Istituto Italiano di Tecnologia, Graphene Labs, Via Morego 30, I-16163 Genova, Italy. Cambridge Graphene Centre, University of Cambridge, Cambridge CB3 0FA, UK.
Texas Instruments, Dallas, TX 75243, USA.
Science. 2015 Jan 2;347(6217):1246501. doi: 10.1126/science.1246501.

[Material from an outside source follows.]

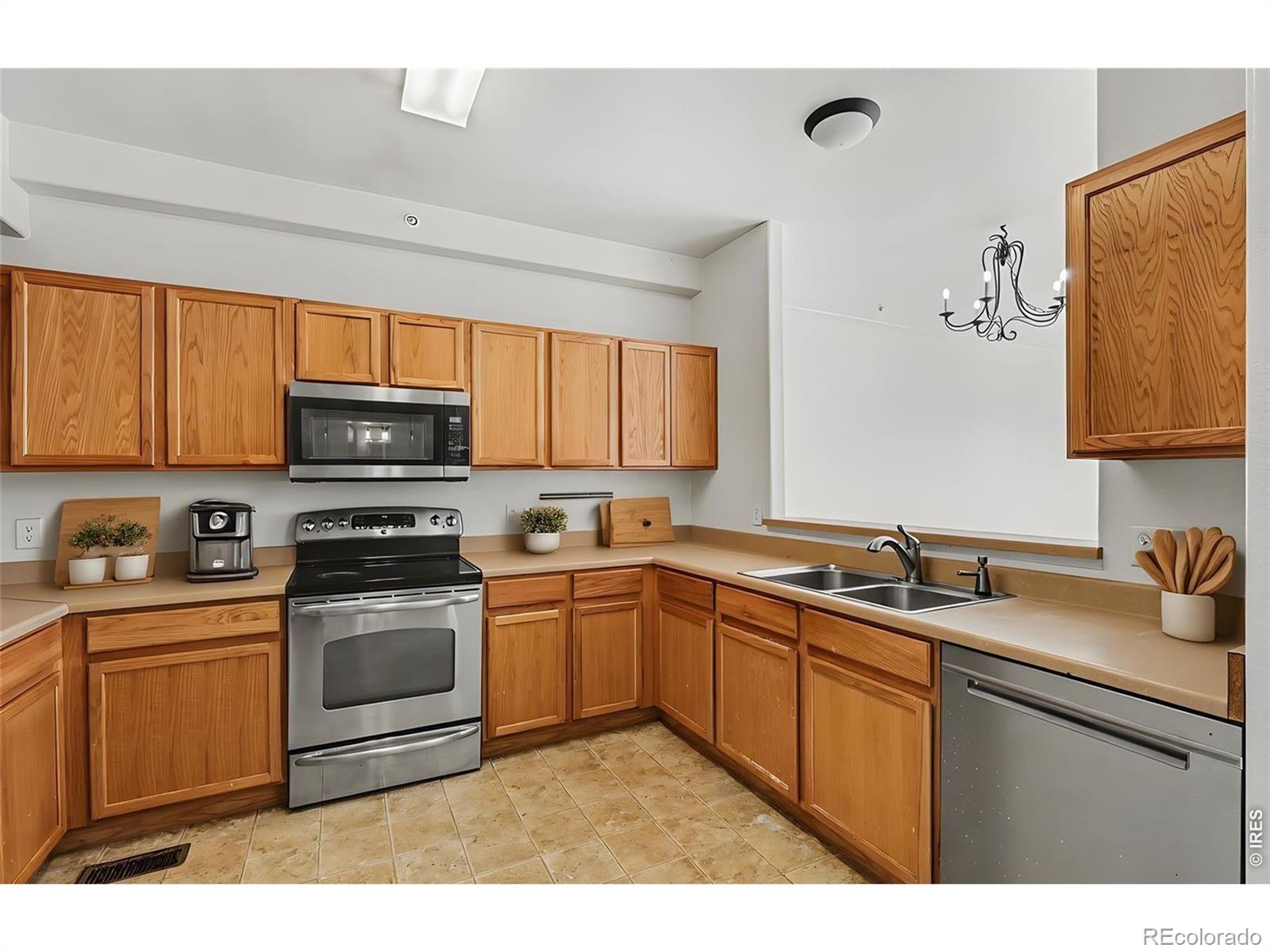 9758 Laredo Street Commerce City CO 80022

Graphene and related two-dimensional crystals and hybrid systems showcase several key properties that can address emerging energy needs, in particular for the ever growing market of portable and wearable energy conversion and storage devices. Graphene's flexibility, large surface area, and chemical stability, combined with its excellent electrical and thermal conductivity, make it promising as a catalyst in fuel and dye-sensitized solar cells. Chemically functionalized graphene can also improve storage and diffusion of ionic species and electric charge in batteries and supercapacitors. Two-dimensional crystals provide optoelectronic and photocatalytic properties complementing those of graphene, enabling the realization of ultrathin-film photovoltaic devices or systems for hydrogen production. Here, we review the use of graphene and related materials for energy conversion and storage, outlining the roadmap for future applications.
石墨烯及相关二维晶体和杂化系统展现出多种关键特性,可满足新兴能源需求,特别是针对日益增长的便携式和可穿戴能量转换和存储设备市场。石墨烯具有柔韧性、大比表面积和化学稳定性,同时还具备优异的导电性和导热性,有望成为燃料电池和染料敏化太阳能电池中的催化剂。功能化石墨烯还可以改善电池和超级电容器中离子和电荷的存储和扩散。二维晶体则提供了光电和光催化特性,与石墨烯形成互补,从而实现用于制氢的超薄薄膜光伏器件或系统。在这里,我们综述了石墨烯及相关材料在能量转换和存储方面的应用,概述了未来应用的发展方向。